### Short web captions
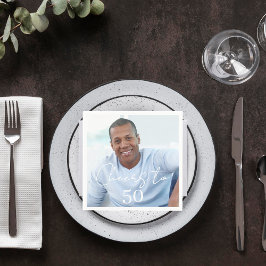 Cheers photo birthday party servet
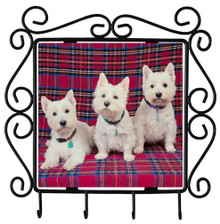 West Highland Terrier Metal Key Holder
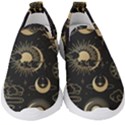 Asian Seamless Pattern With Clouds Moon Sun Stars Vector Collection Oriental Chinese Japanese Korean Kids  Slip On Sneakers View1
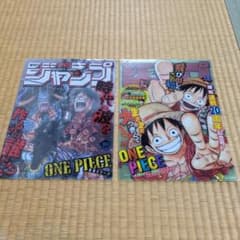 ONE PIECE 週刊少年ジャンプ クリアファイル 2枚セットのサムネイル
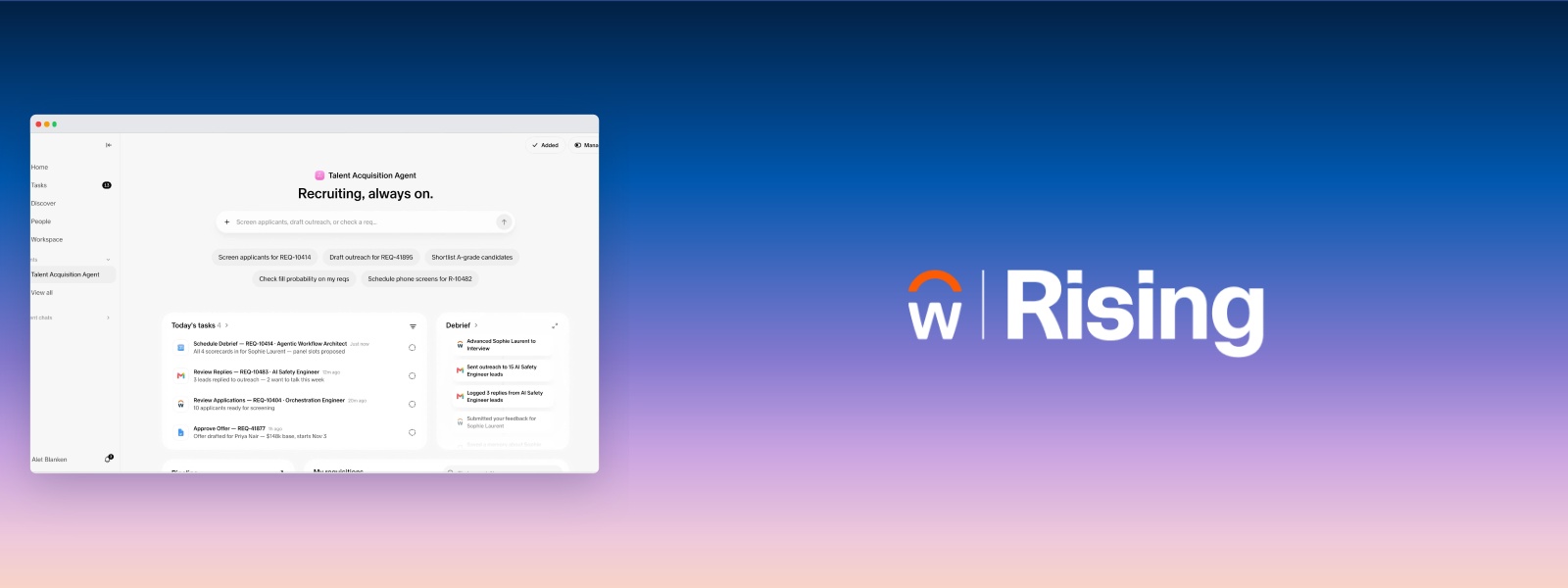 A New Era of Recruiting: Talent Acquisition Agent Is In Early Access ...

### Task description
Transcribe exactly the lines that go from the one holding "West Highland Terrier Metal Key Holder" through the last line of the entries, both included, and nothing besides them. Do not include any pictures.

### Result of this task
 West Highland Terrier Metal Key Holder
 Asian Seamless Pattern With Clouds Moon Sun Stars Vector Collection Oriental Chinese Japanese Korean Kids  Slip On Sneakers View1
 ONE PIECE 週刊少年ジャンプ クリアファイル 2枚セットのサムネイル
 A New Era of Recruiting: Talent Acquisition Agent Is In Early Access ...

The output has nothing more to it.